[Saved entries]

"""

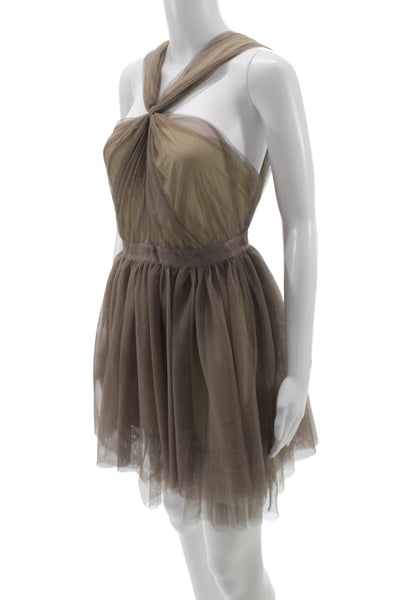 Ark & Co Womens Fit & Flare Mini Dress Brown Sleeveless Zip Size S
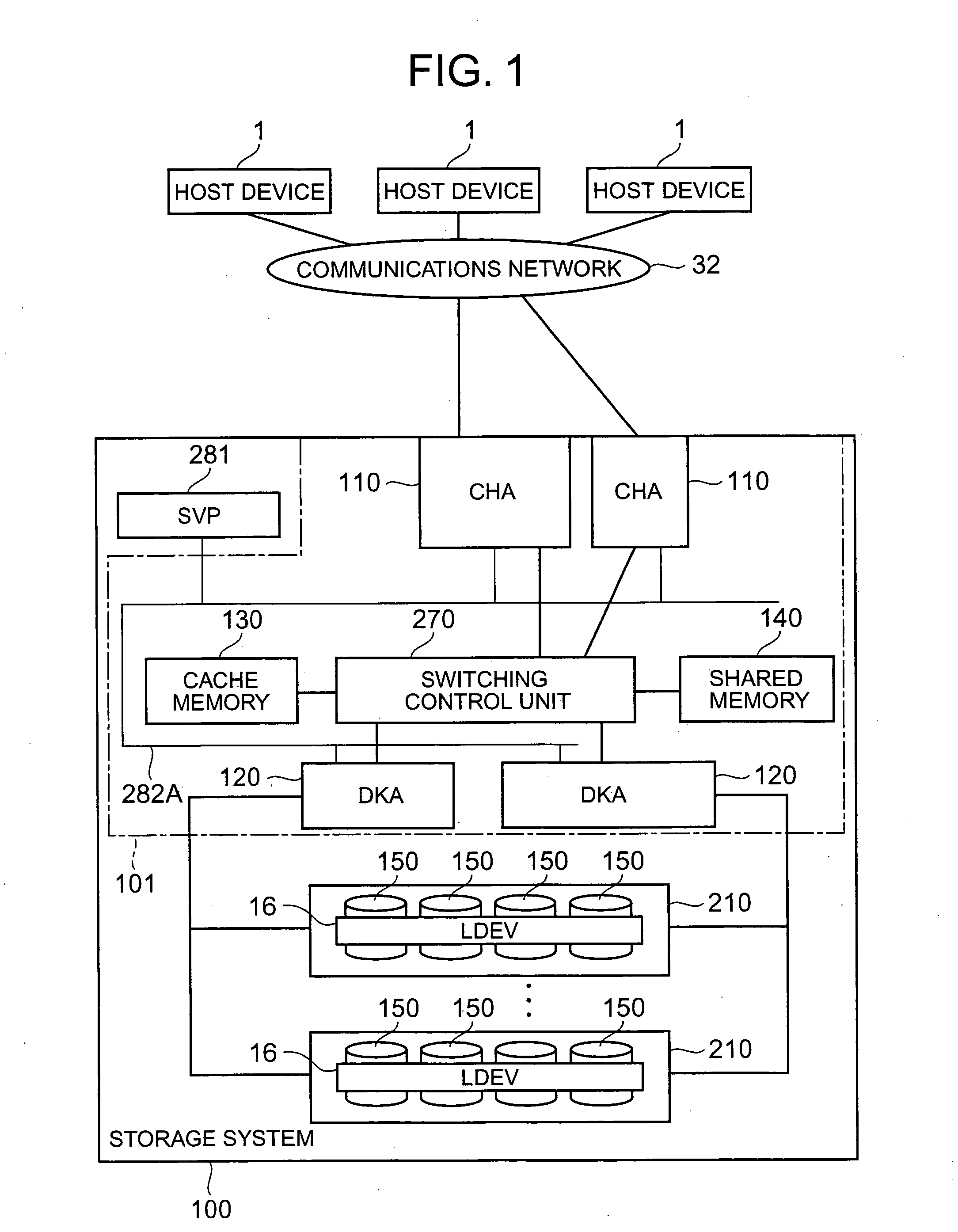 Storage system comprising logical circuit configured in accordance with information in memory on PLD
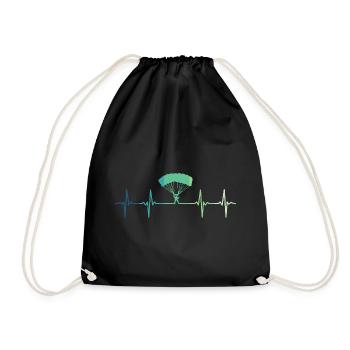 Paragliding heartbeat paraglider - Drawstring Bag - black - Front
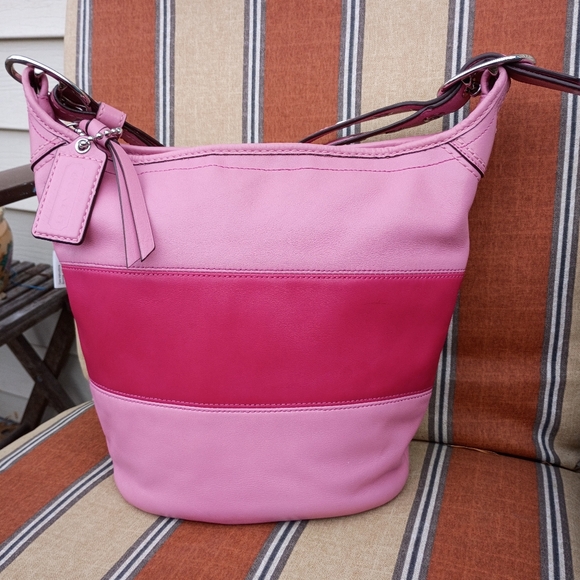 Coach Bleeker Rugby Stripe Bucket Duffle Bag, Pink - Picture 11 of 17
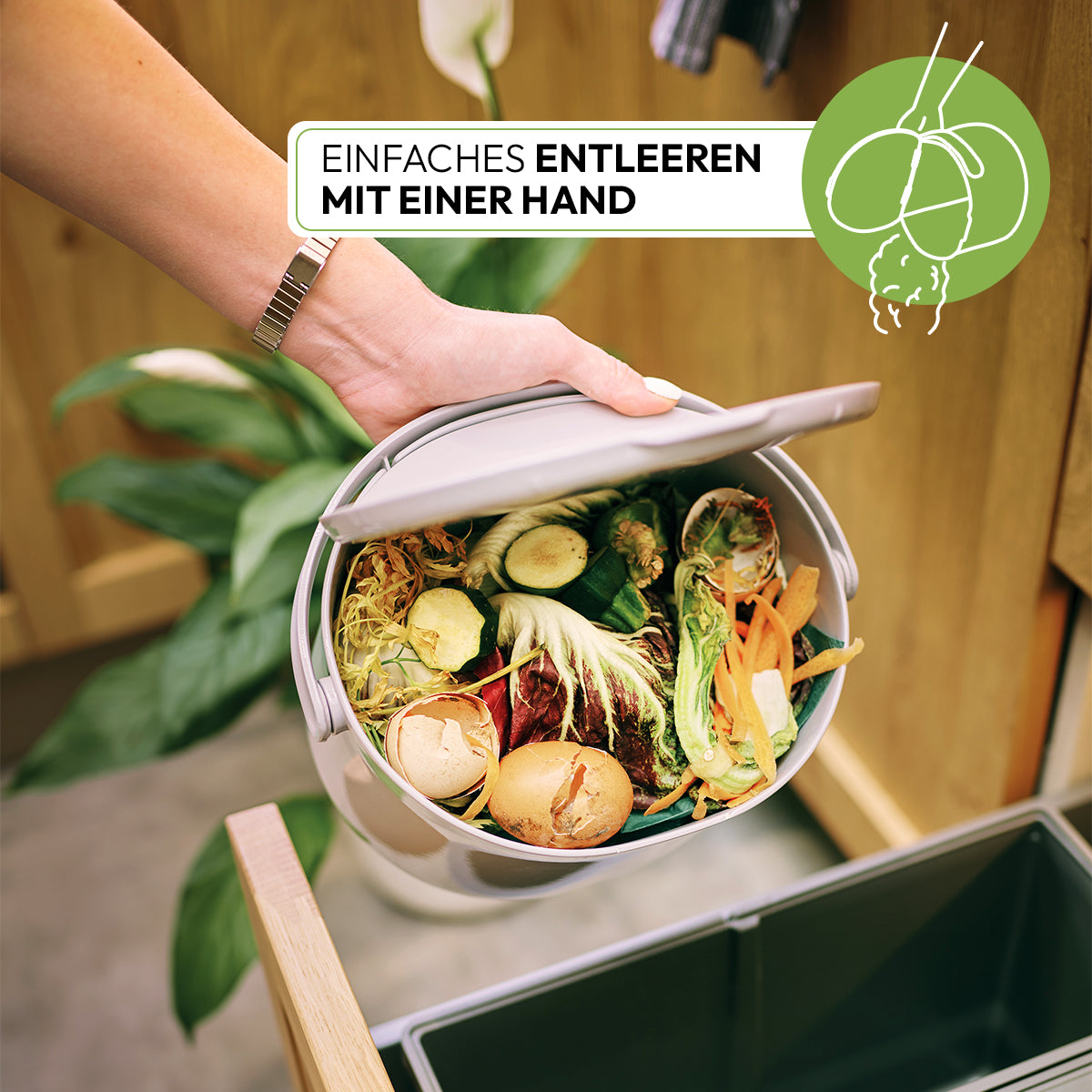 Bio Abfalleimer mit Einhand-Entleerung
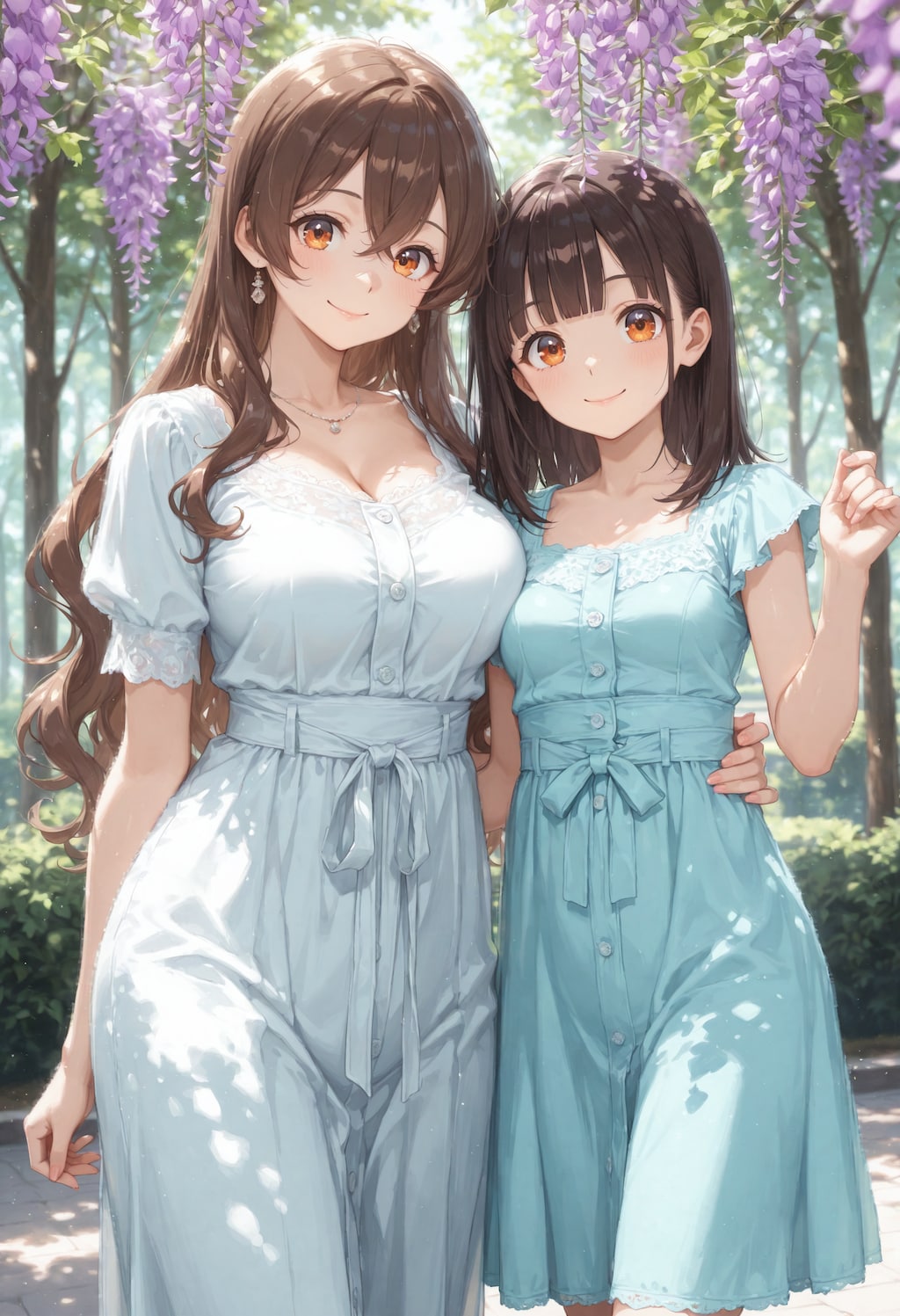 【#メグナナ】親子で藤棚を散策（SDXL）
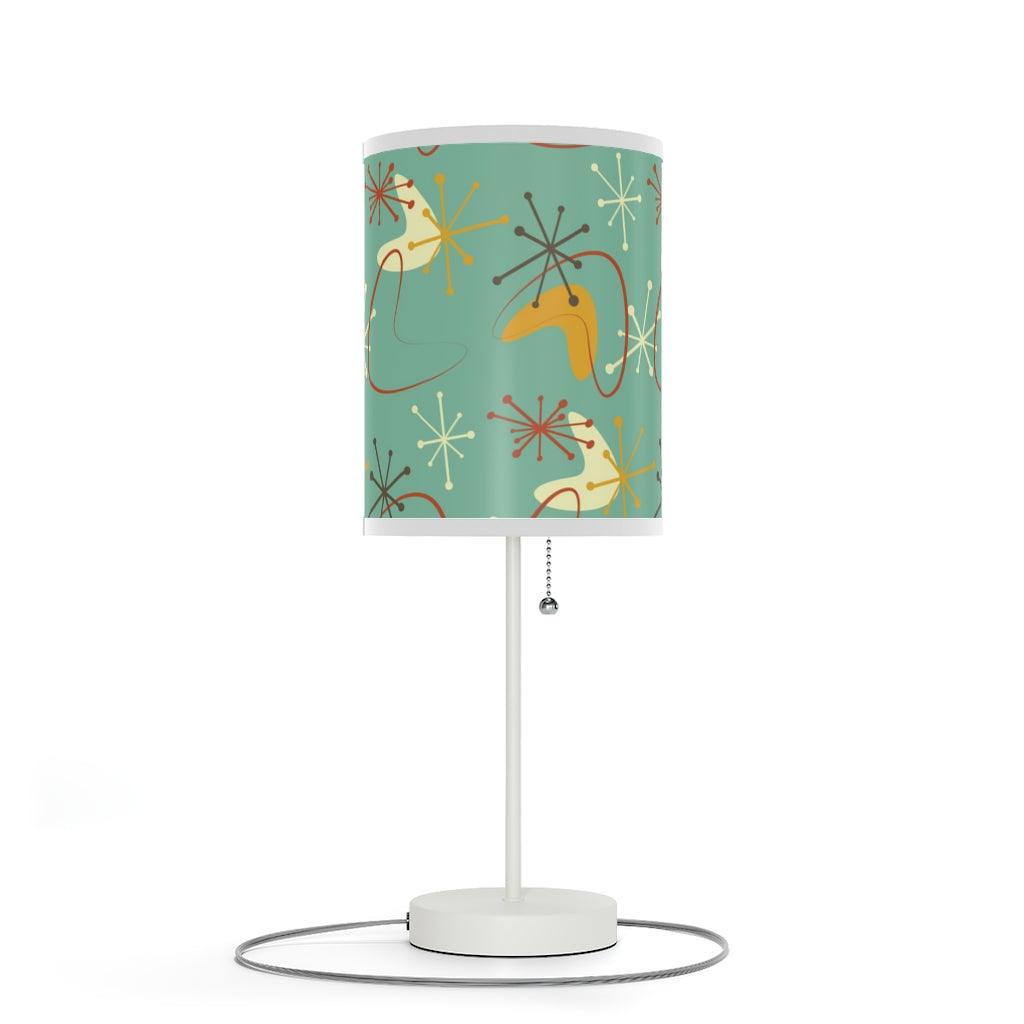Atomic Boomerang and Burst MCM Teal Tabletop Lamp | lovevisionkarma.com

"""

### [Exercise description]
The images are to be left out; every line above should be set down exactly.

### [Response area]
 Ark & Co Womens Fit & Flare Mini Dress Brown Sleeveless Zip Size S
 Storage system comprising logical circuit configured in accordance with information in memory on PLD
 Paragliding heartbeat paraglider - Drawstring Bag - black - Front
 Coach Bleeker Rugby Stripe Bucket Duffle Bag, Pink - Picture 11 of 17
 Bio Abfalleimer mit Einhand-Entleerung
 【#メグナナ】親子で藤棚を散策（SDXL）
Atomic Boomerang and Burst MCM Teal Tabletop Lamp | lovevisionkarma.com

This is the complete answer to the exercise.